The SPL TwinTube, Soundtoys Decapitator, Softube
Focusing Equalizer (part of the company’s Passive-
Active Pack bundle), and iZotope Nectar plug-ins
are all outstanding for this purpose. (See Figure 1.)
Add a little bit of plug-in processing to the vocal,
and it will sound louder and bigger than the dry
vocal at the same output level.
Put It Off Until Later
Fig. 2. Some delay-modulation plug-ins, such as MOTU Chorus, allow sufficient parameter controls for you to create the Haas effect.
In last month’s Techniques article “Learn How to Space
Out,” I discussed how adding pre-delay to a reverb
patch makes the resulting virtual acoustic space sound
farther away. The longer it takes for a sound to arrive in your ears, the farther away the brain interprets that sound’s
origination to be. But to complete the mental picture, you
must also account for a real-world phenomenon called
high-frequency transmission loss. This acoustic effect dictates
that the farther a sound travels through air, the more
its high frequencies will be attenuated.
The longer the pre-delay you program into your reverb
patch, the more highs you should roll off the reverb return
using either a low-pass filter (LPF) or high-shelving cut.

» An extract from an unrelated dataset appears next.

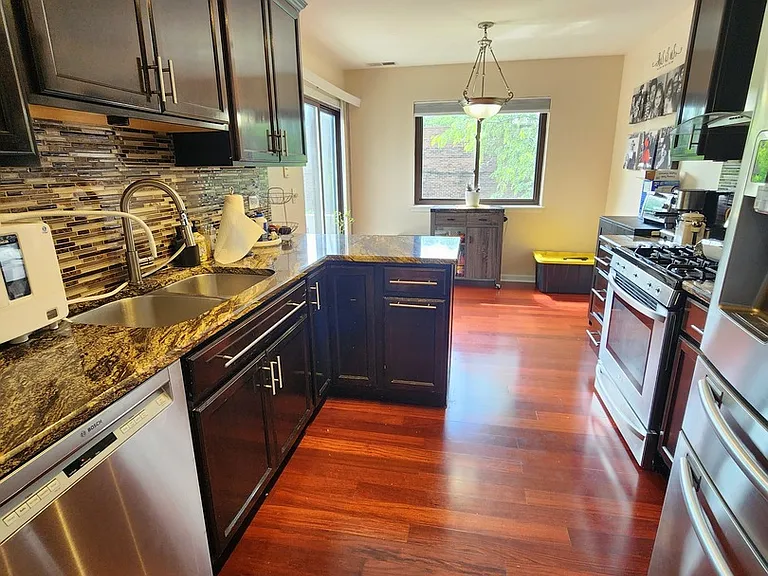 220 Hawthorne Ct #A2 — Photo 11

That is, as the pre-delay’s time in milliseconds increases,
progressively lower the corner frequency for your LPF or
shelving EQ. Doing so will add natural and convincing
depth to your mix and trick your brain into thinking the
sound is coming from behind your speakers! To fool your
brain most effectively, make sure some other elements of
your mix are mostly or completely dry. It’s the contrast
between dry and delayed sounds that tricks the brain into
thinking one thing (the dry track) is very close to you and
another (the pre-delayed reverb) is farther away. You
can’t create a sense of depth if everything is far away.

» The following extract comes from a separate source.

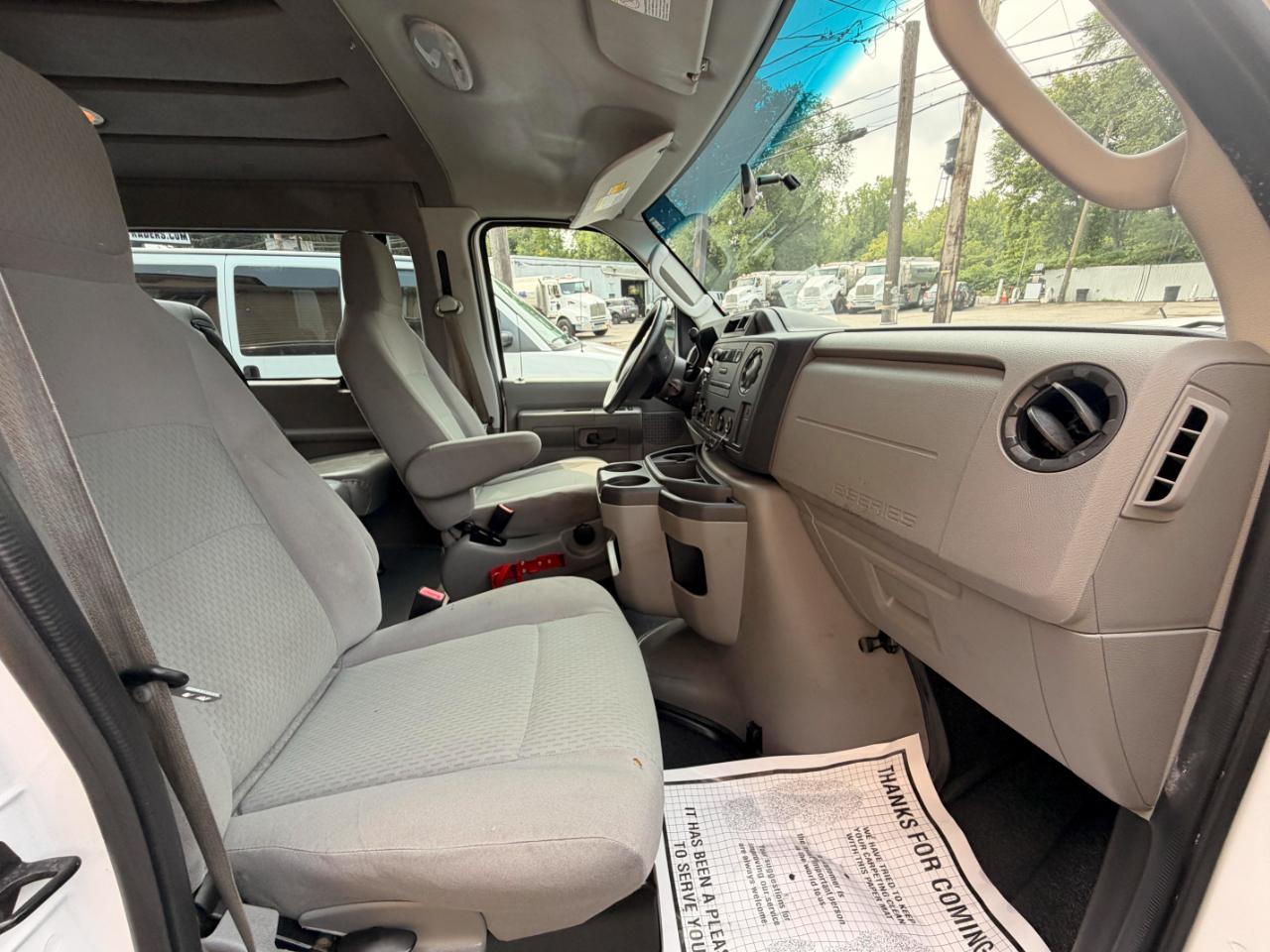 Ford Econoline E-150 Extended 2011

Make It Wide Using the Haas Effect
Just as delay can make something sound deeper, it can
also be used to make a track sound wider. Hard-pan a
mono keyboard comp part or rhythm guitar track to the
left and bus the track to an aux channel via a send in your
DAW’s mixer. Insert a delay-modulation plug-in on the aux
channel. Hard-pan the aux to the right, set the plug-in’s
output to 100% wet, and set the delay time to around 7
milliseconds. Now program a very slow and shallow modulation
of the delayed signal: Set the plug-in’s speed or
rate control to around 0.8Hz and its depth or width control
to roughly 17%. Modulating (cyclically varying) the
delay time in this manner makes the track’s delayed component
sound alternately closer to and farther away from
its dry sound in the opposite speaker, tricking the brain
into constantly shifting the stereo image. The resulting
Haas effect will make your mono track sound stereo and
add subtly shimmering movement between left and right
speakers. MOTU’s Chorus plug-in (for Digital Performer)
can easily create the Haas effect, and it sounds terrific.